My Awesome CSCI 0451 Blog - Implementing the Perceptron Algorithm

Implementing the Perceptron Algorithm

Kate Kenny

CS 0451

Perceptron Class Source Code: https://github.com/kate-kenny/kate-kenny.github.io/blob/main/posts/blog1/perceptron.py

To implement the perceptron algorithm, I used the above source code to create a perceptron class and perform perceptron updates. The specific update is performed using the fit() method of the class. I implimented the update based on the perceptron equation which is as follows:

\[\textbf{w}^{(t+1)} = \textbf{w}^{t} + \mathcal{1}(y_i\langle \textbf{w}^{(t)},\textbf{x}_{i} \rangle > 0)y_i\textbf{x}_i\]

The fit() method takes two arguments, a matrix \(X\) of features and a vector \(y\) of labels. The method then generates a random weight vector, reffered to as \(w\) in my source code, and then iterates through the possible maximum number of steps to perform the perceptron update. The actual update occurs in the following way. As enumerated in the description of the algoritm, once we have a random set of weights \(w\) we generate a random integer \(i\). From there, we index the feature matrix \(X\) and the label vector \(y\) using that integer \(i\) and perform the update which is, in plain language, as follows. The weights in \(w\) will be updated if the dot product of the current weights and \(x_i\) multiplied by the actual label of the point, \(y_i\) is less than zero.
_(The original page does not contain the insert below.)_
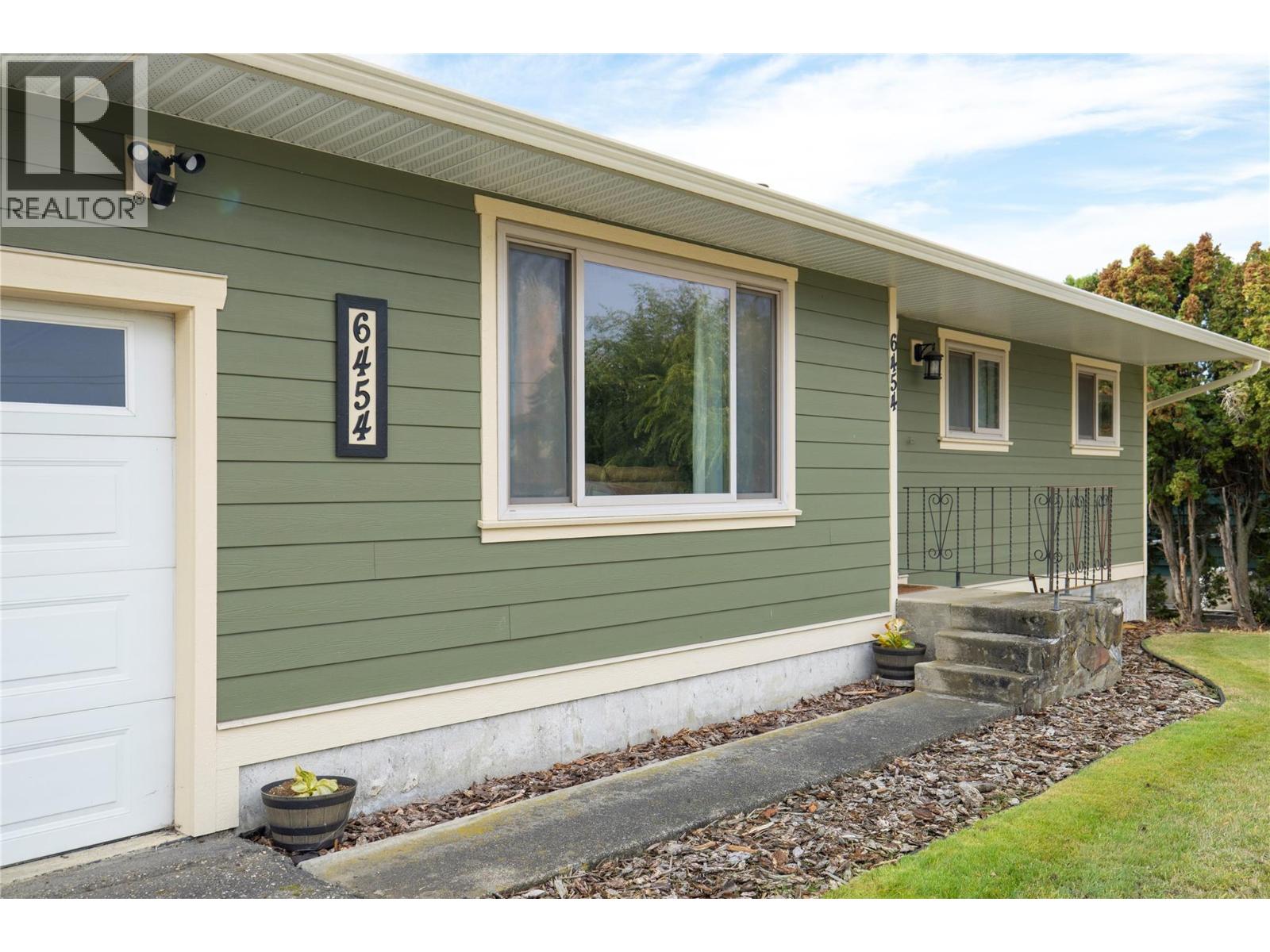 6454 Holbrook Road, Vernon, British Columbia  V1B 3T6 - Photo 6 - 10367096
In other words, the weights will be changed if the given weights do not corrently label the point \(x_i\). If that is the case, we add

Experiment 1

For the first test case, we are going to run the model on a linearly seperable data set and display the line calculated by the perceptron algorithm to seperate the data points. To do this, I will use the source code provided in class to generate data and then create an instance of my own perceptron class. Finally, we will display the data and seperating line, along with a visual representation of the accuracy over time.

import numpy as np
import pandas as pd
import seaborn as sns
from matplotlib import pyplot as plt
from matplotlib import pyplot as plt2

%load_ext autoreload
%autoreload 2

from sklearn.datasets import make_blobs

np.random.seed()

n = 100
p_features = 3

#initialize X, y, a martix of features and vector of labels respectively
X, y = make_blobs(n_samples = 100, n_features = p_features - 1, centers = [(-1.7, -1.7), (1.7, 1.7)])

plt.figure(1)
fig = plt.scatter(X[:,0], X[:,1], c = y)
xlab = plt.xlabel("Feature 1")
ylab = plt.ylabel("Feature 2")
title = plt.title("Test Case 1")

from perceptron import Perceptron

#create instance of perceptron class and use the fit() method on X, y initialized above for the first test case

p = Perceptron()
p.fit(X,y)

#draw line from weights found using perceptron algorithm
def draw_line(w, x_min, x_max):
  x = np.linspace(x_min, x_max, 101)
  y = -(w[0]*x + w[2])/w[1]
  plt.plot(x, y, color = "black")

fig = plt.scatter(X[:,0], X[:,1], c = y)
fig = draw_line(p.w, -2, 2)

xlab = plt.xlabel("Feature 1")
ylab = plt.ylabel("Feature 2")

plt.figure(2)
fig2 = plt.plot(p.history)
xlab = plt.xlabel("Iteration")
ylab = plt.ylabel("Accuracy")

The autoreload extension is already loaded. To reload it, use:
  %reload_ext autoreload

Experiment 2

Now, I am going to explore attempting to use the perceptron algorithm on a non-linearly seperable data set.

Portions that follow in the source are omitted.